Because having a separate set of filters for each lens is insane?  Although, this could be their plan exactly ... 
It may be reasonable for professional grade optics, but not for $100~$200 lens. If they can put a 49mm thread instead of 25mm, then not making it 52mm or 58mm is just offensive.


----------



## ahsanford (May 7, 2015)

ecka said:


> Because having a separate set of filters for each lens is insane?  Although, this could be their plan exactly ...
> It may be reasonable for professional grade optics, but not for $100~$200 lens. If they can put a 49mm thread instead of 25mm, then not making it 52mm or 58mm is just offensive.



This is one reason of many why my 50 f/1.4 keeps getting used and my 40 f/2.8 does not.

- A


----------



## ecka (May 7, 2015)

ahsanford said:


> ecka said:
> 
> 
> > Because having a separate set of filters for each lens is insane?  Although, this could be their plan exactly ...
> ...



I've got an adapter (52-to-58) for mine . I like using CPL and it works fine.


----------



## slclick (May 7, 2015)

ahsanford said:


> ecka said:
> 
> 
> > Because having a separate set of filters for each lens is insane?  Although, this could be their plan exactly ...
> ...



Funny, as soon as I got my 40 Pancake I stopped using my 50 1.4. It had nothing to do with filters and everything to do with IQ.


----------



## traveller (May 7, 2015)

Small, light, cheap and probably excellent performance (if maybe not quite up to Sigma 50mm f1.4 Art standards).

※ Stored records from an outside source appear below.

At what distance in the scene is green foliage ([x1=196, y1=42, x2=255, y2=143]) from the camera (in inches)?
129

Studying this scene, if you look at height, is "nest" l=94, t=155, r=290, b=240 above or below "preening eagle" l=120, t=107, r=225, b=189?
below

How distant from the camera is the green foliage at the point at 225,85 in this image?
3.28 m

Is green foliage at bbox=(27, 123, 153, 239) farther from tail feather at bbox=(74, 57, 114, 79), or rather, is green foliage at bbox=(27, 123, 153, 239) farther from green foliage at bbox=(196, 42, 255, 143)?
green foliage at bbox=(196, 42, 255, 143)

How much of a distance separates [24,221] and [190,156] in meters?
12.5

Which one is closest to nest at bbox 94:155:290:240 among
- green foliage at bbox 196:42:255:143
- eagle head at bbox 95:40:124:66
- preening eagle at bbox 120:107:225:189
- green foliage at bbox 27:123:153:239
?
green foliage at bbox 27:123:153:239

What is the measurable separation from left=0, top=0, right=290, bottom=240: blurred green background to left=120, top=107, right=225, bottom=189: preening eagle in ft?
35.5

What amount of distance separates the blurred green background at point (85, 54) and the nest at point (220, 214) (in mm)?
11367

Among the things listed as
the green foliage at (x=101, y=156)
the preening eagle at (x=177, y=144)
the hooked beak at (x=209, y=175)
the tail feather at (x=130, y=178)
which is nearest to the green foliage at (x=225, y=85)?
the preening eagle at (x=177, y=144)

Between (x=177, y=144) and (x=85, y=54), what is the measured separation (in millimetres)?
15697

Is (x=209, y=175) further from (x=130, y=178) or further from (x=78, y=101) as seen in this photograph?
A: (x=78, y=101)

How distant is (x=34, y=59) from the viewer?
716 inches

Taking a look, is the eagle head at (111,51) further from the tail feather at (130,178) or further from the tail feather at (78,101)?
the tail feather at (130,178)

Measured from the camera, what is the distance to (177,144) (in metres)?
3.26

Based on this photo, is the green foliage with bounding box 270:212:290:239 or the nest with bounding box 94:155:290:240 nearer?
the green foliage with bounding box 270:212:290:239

Bravo Canon, this is just the kind of lens that most people need. I'm almost certain to buy one to keep in my jacket pocket (not that I wear a jacket much in the country I currently live in  ). This is the sort of lens that Canon needs to make more of, if they aim to fight off the competition. 

Canon seems to be developing three lens lines, the L-series, the non-L USM and the STM series. They finally seem to be releasing some interesting low end lenses, rather than just endless kit zoom updates. Maybe they are realizing that this is where the real danger from mirrorless cameras _*systems*_ is coming from?


----------



## Etienne (May 7, 2015)

NorbR said:


> Proscribo said:
> 
> 
> > ajfotofilmagem said:
> ...



85 1.8 Stabilized ! Thanks for the info, you've just re-energized my interest in the Sony A7 system! 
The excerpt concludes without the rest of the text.